Maybe it's because each book matures along with the characters, maybe it's because J.K. Rowling has grown as a writer, but Deathly Hallows has the most gripping narrative of any of the books, with a great deal more action and twists and turns that will make you rethink just about every plot point in every previous book. Not to mention the fact that it's dark as hell, with major characters getting killed off or maimed left and right. Again, I won't spoil a thing.
The final chapters were reminiscent of the final scenes in other fantasy epics: Lord of the Rings: Return of the King and Return of the Jedi immediately come to mind. Mark my words: it's gonna make for a fantastic movie.
My one gripe? At one point in the book, the plot devolves into Harry, Ron and Hermione tracking down two possible groups of magical objects. That's too many MacGuffins. Of course, the dual quests for Horcruxes and Deathly Hallows resolves itself in the end, but it overcomplicated the plot a bit, and the fact that it takes a whole chapter toward the end of the book to explain all the connections was kind of a letdown.
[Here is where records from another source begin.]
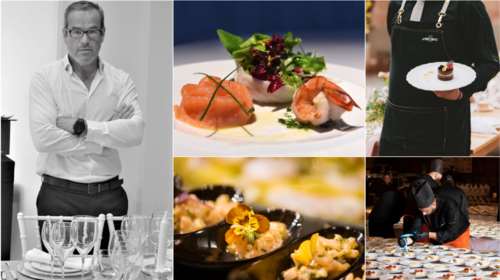 Ανδρέας Τουτζιαρίδης: Η υψηλή γαστρονομία και το catering είναι πλέον έννοιες συνυφασμένες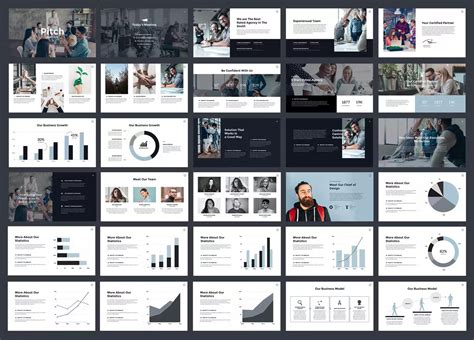 Business Pitch – Powerpoint Template – Slidehack.com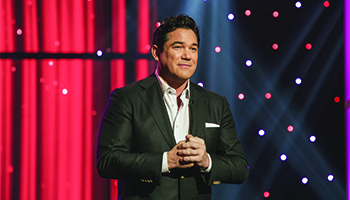 Dean Cain hosts "Masters of Illusion" 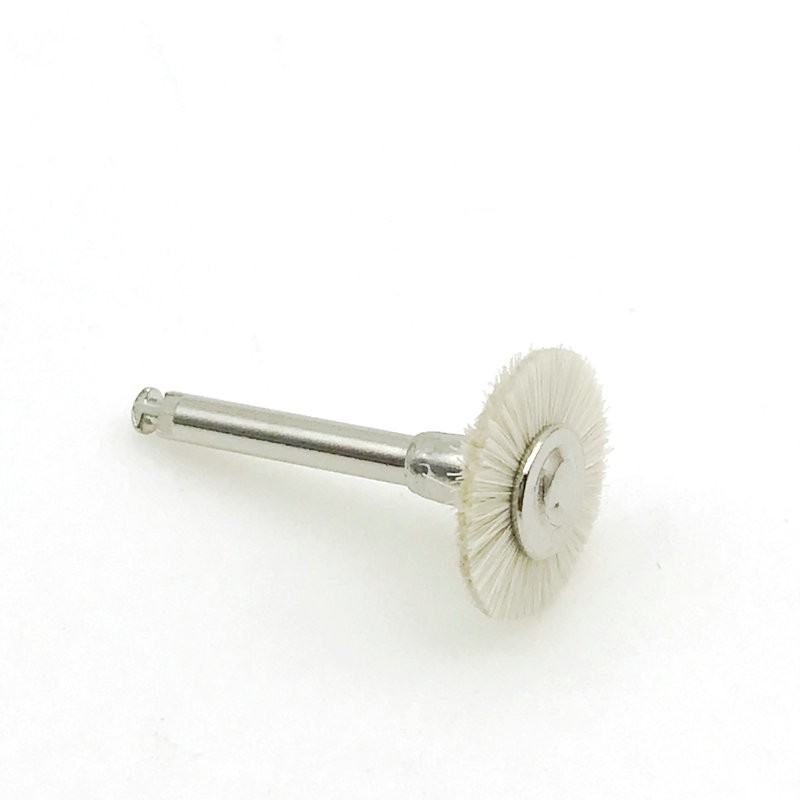 grinding buffing 1pc dental accessories wool polishing brush flat grinder brushes for low speed handpiece machine accessories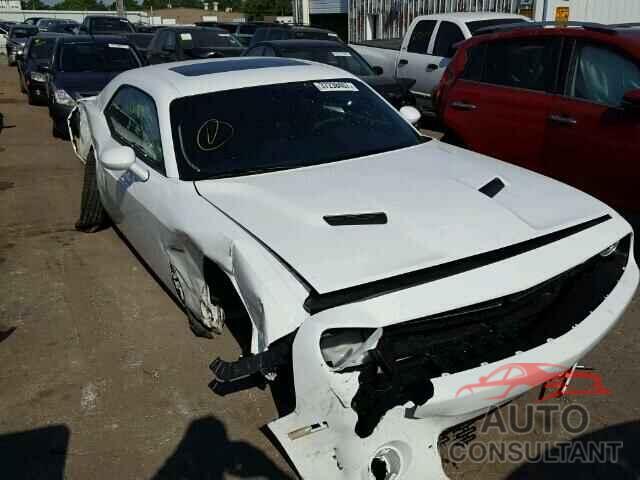 DODGE CHALLENGER 2017 - 2C3CDZBT4HH657991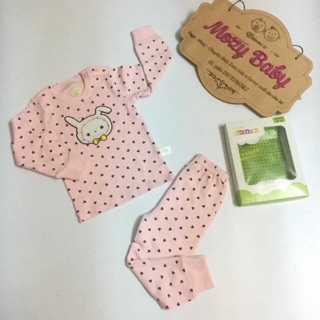Bộ cotton dày Mikobomi
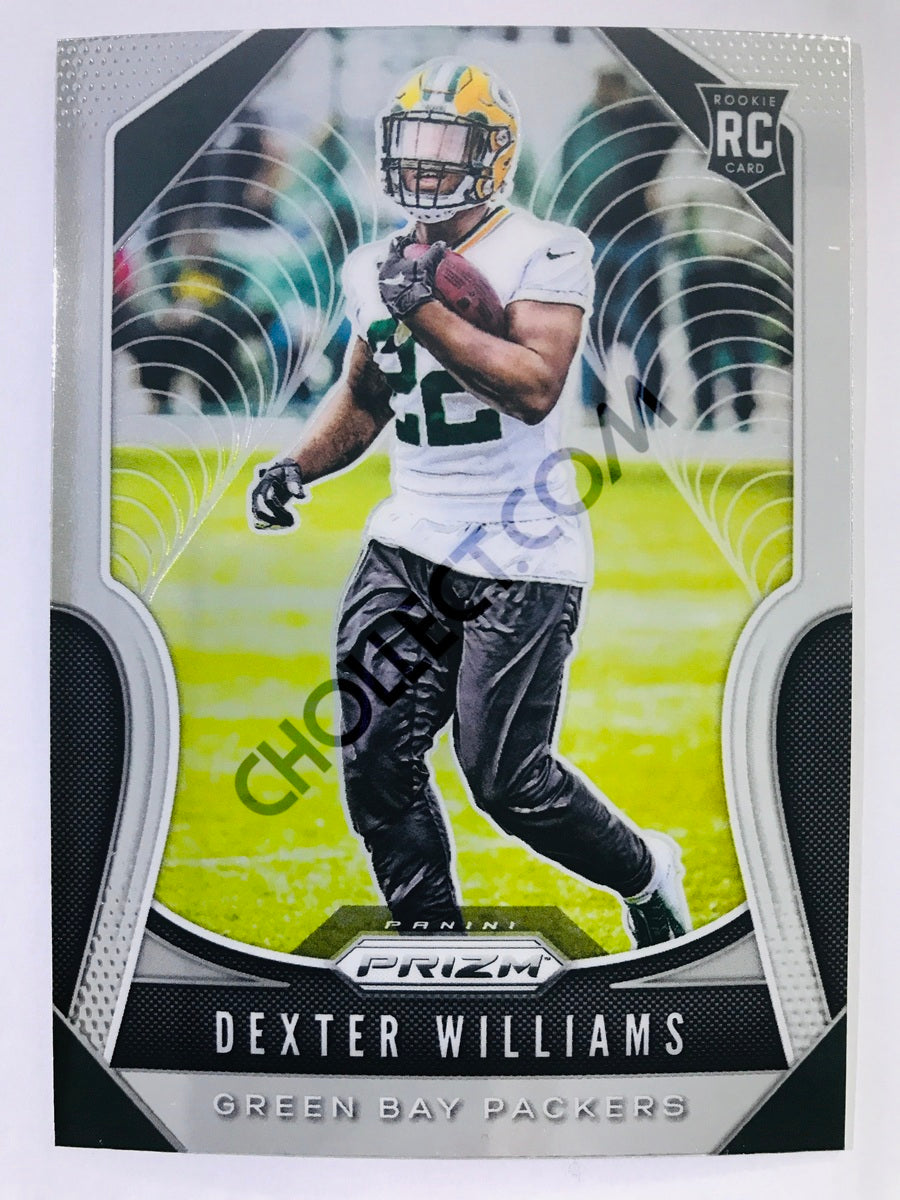 Dexter Williams - Green Bay Packers 2019-20 Panini Prizm RC Rookie #336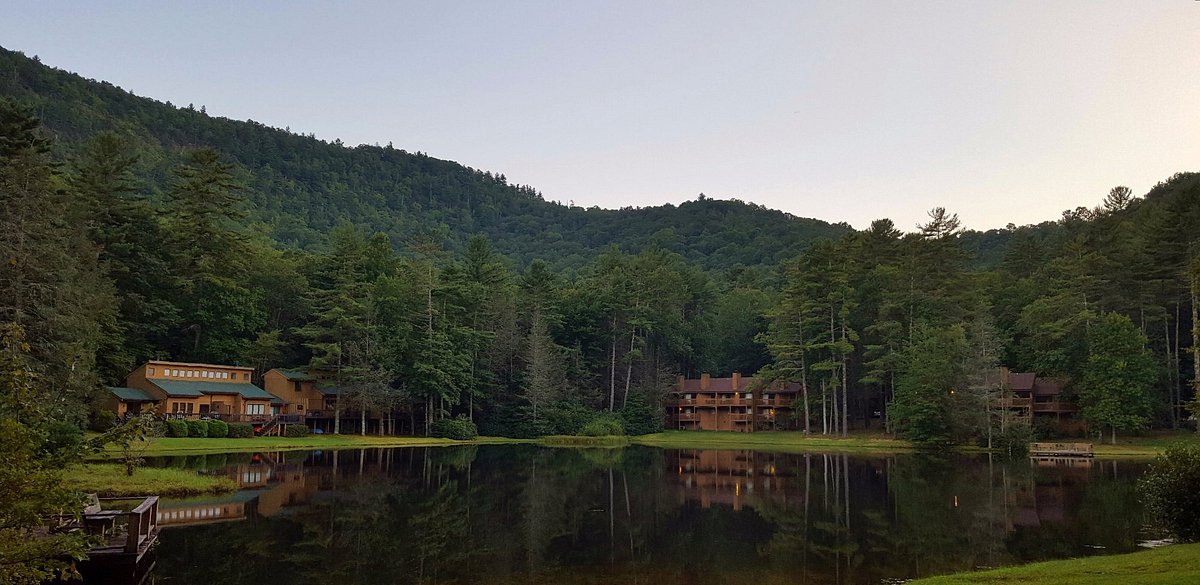 Foxhunt At Sapphire Valley lake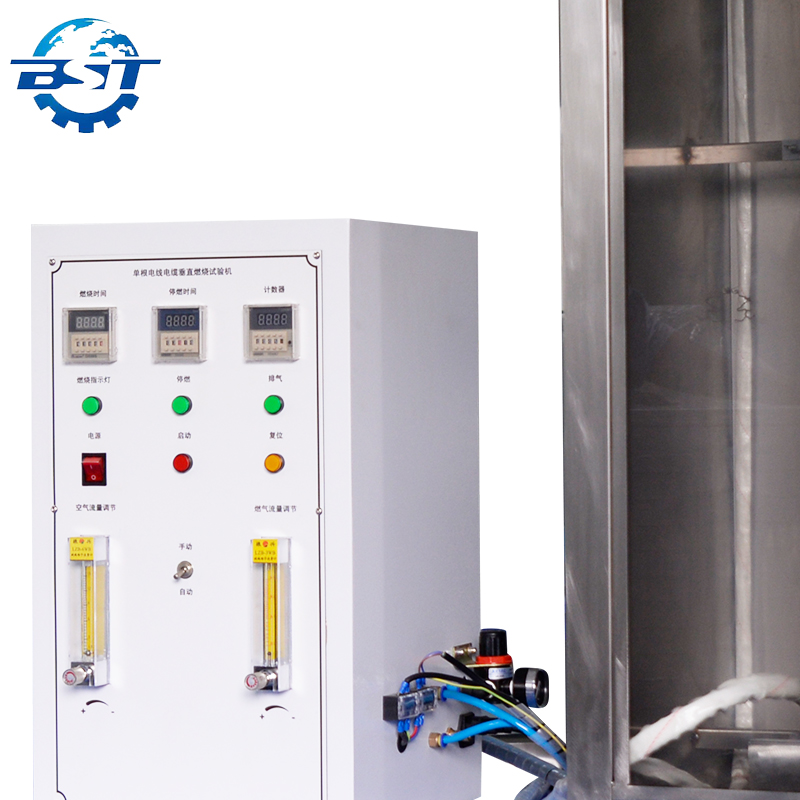 Vertical Burning Testing Machine Single Wire and Cable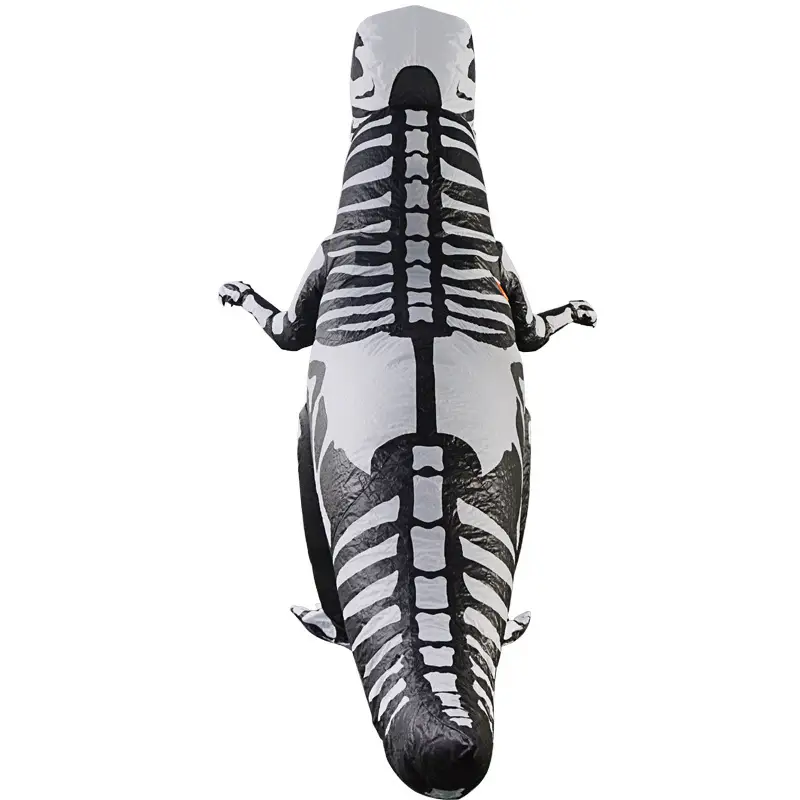 Inflatable Skeleton T-Rex Costume, photo 4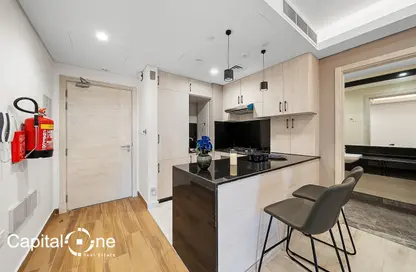 Apartment - 1 Bedroom - 2 Bathrooms for rent in Al Erkyah City - Lusail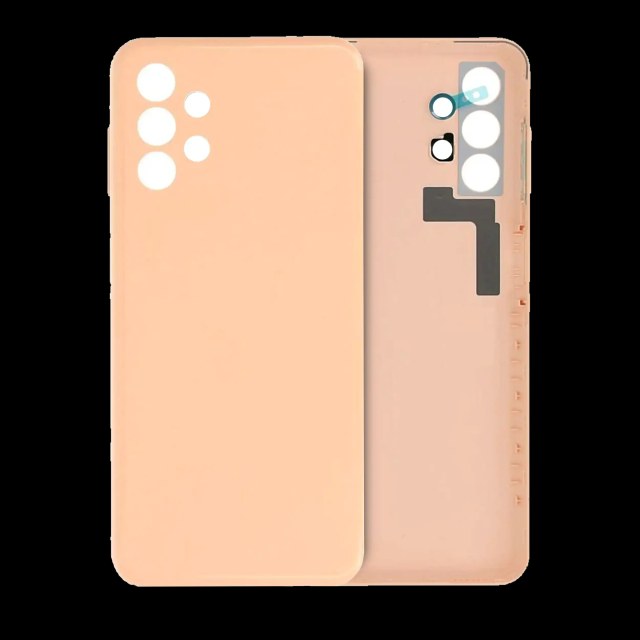 vetro cover posteriore per Samsung Galaxy A13 4G (A135 / 2022) (Service Pack) (Peach)
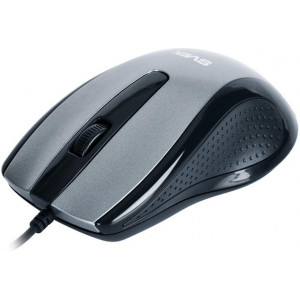 Mouse SVEN  RX-515 Silent, Black-Grey, Optical 800 dpi, USB, weight 86g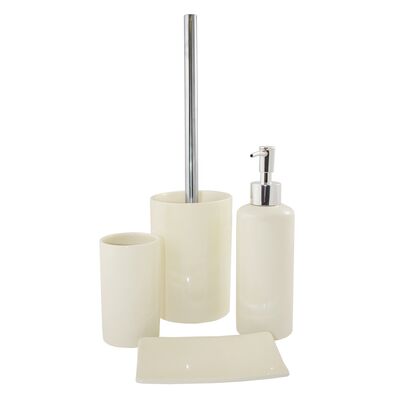 Dozownik do mydła coral beżowy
With two more movies to come, Potter-mania shows no signs of slowing down. And for someone who came into the series pretty late in the game, I'm glad that I got the chance to catch up on what I missed and see it through to the end. It's hard to ignore a phenomenon that's introduced so many children to reading, while at the same time has reintroduced so many adults to a world of childlike wonderment that is often, although we hate to admit it, quite difficult to find these days.